**Requirement**. All lines in the listing below from the one containing "Camisa Corinthians 2010/11 Home – Retrô" through the last should be written out exactly, and only those.

**Provided material**.
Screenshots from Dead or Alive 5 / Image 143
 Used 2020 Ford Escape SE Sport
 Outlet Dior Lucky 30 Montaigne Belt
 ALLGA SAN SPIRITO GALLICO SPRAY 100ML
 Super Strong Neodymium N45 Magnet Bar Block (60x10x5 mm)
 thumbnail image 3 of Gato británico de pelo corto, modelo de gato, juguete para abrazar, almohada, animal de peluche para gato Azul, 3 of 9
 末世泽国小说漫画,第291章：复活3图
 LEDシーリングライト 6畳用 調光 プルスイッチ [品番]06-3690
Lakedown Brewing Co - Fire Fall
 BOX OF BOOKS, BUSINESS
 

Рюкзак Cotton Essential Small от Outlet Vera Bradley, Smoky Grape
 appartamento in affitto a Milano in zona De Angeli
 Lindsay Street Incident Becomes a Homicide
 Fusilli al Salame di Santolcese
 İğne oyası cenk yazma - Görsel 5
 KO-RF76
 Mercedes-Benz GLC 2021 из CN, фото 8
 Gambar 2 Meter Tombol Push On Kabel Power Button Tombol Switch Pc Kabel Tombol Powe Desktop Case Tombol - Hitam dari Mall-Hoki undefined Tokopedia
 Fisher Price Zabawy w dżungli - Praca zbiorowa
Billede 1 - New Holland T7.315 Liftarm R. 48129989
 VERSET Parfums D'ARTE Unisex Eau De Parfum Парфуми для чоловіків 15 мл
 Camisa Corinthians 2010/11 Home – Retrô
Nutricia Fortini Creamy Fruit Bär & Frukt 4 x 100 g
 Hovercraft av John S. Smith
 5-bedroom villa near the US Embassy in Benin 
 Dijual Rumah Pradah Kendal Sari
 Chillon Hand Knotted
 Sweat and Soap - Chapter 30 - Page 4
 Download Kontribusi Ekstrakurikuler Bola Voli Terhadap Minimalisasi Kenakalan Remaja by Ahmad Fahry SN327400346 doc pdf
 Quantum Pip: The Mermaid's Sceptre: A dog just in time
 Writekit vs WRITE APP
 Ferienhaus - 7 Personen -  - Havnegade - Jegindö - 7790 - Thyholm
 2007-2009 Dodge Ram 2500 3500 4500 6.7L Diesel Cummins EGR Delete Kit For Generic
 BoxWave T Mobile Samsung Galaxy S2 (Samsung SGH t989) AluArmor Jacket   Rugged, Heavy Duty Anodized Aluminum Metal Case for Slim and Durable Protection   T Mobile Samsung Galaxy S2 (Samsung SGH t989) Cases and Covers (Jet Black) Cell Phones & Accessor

**Result of the task**.
 Camisa Corinthians 2010/11 Home – Retrô
Nutricia Fortini Creamy Fruit Bär & Frukt 4 x 100 g
 Hovercraft av John S. Smith
 5-bedroom villa near the US Embassy in Benin 
 Dijual Rumah Pradah Kendal Sari
 Chillon Hand Knotted
 Sweat and Soap - Chapter 30 - Page 4
 Download Kontribusi Ekstrakurikuler Bola Voli Terhadap Minimalisasi Kenakalan Remaja by Ahmad Fahry SN327400346 doc pdf
 Quantum Pip: The Mermaid's Sceptre: A dog just in time
 Writekit vs WRITE APP
 Ferienhaus - 7 Personen -  - Havnegade - Jegindö - 7790 - Thyholm
 2007-2009 Dodge Ram 2500 3500 4500 6.7L Diesel Cummins EGR Delete Kit For Generic
 BoxWave T Mobile Samsung Galaxy S2 (Samsung SGH t989) AluArmor Jacket   Rugged, Heavy Duty Anodized Aluminum Metal Case for Slim and Durable Protection   T Mobile Samsung Galaxy S2 (Samsung SGH t989) Cases and Covers (Jet Black) Cell Phones & Accessor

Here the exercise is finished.